Contrat de transfert de joueur professionnel : que faut-il savoir ?

Que faut-il savoir sur le contrat de transfert de joueur ? 

Les opérations de transfert à la fin de la saison sportive sont des plus médiatisées, et parfois des plus controversées

Les montants inscrits dans les contrats de transfert des joueurs de football au terme du célèbre mercato ont ainsi pu atteindre des valeurs jugées indécentes en considération de leur objet : la “vente” d’un joueur. 

S’il ne l’a pas encore fait, le législateur cherche aujourd’hui à régir cette pratique : il s’agit de mieux encadrer les contrats de transfert de joueur, et d’éviter les écarts, notamment financiers. 

D’une part, avec l’engagement dans un club, ces opérations déterminent la carrière très courte du sportif professionnel. 

D’autre part, elles représentent une source de revenu importante pour le club qui “vend” le joueur. 
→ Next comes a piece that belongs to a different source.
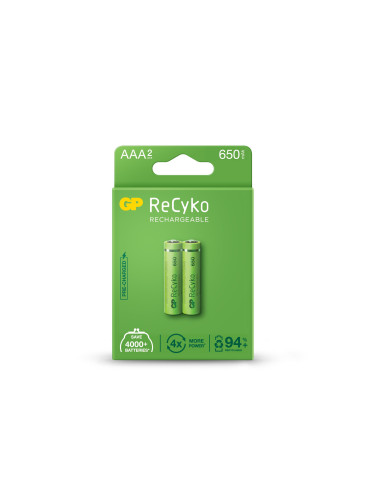 Акумулаторна Батерия GP R03 AAA 650mAh NiMH 65AAAHCE-EB2, 2 бр. в опак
Que vous soyez sportif professionnel ou responsable d’un club, il est donc primordial de vous familiariser avec le contrat de transfert du joueur qui est voué à se complexifier. Cet article a pour but de vous l’expliquer en détail.

Avocats en droit du sport, nous pouvons vous accompagner dans vos opérations de transfert de joueurs professionnels.

Qu’est-ce qu’un contrat de transfert de joueur? 

Qui sont les parties au contrat de transfert de joueur? 

Le contrat de transfert du joueur est un contrat tripartite entre un joueur et deux clubs. 

Le transfert d’un joueur est la prestation assurée par le club « cédant » auprès du club « acquéreur ». Comme la prestation concerne une personne, sa participation au contrat de transfert est impérative. 

Bon à savoir : dans ce contexte, l’identification de l’étape de formation du contrat de transfert est difficile, et souvent faite au cas par cas. Elle est pourtant importante dans le droit de son exécution. Pensez à vous faire accompagner par un avocat en droit du sport pour la rédaction de ce contrat.

Quels sportifs sont concernés par les contrats de transfert de joueurs?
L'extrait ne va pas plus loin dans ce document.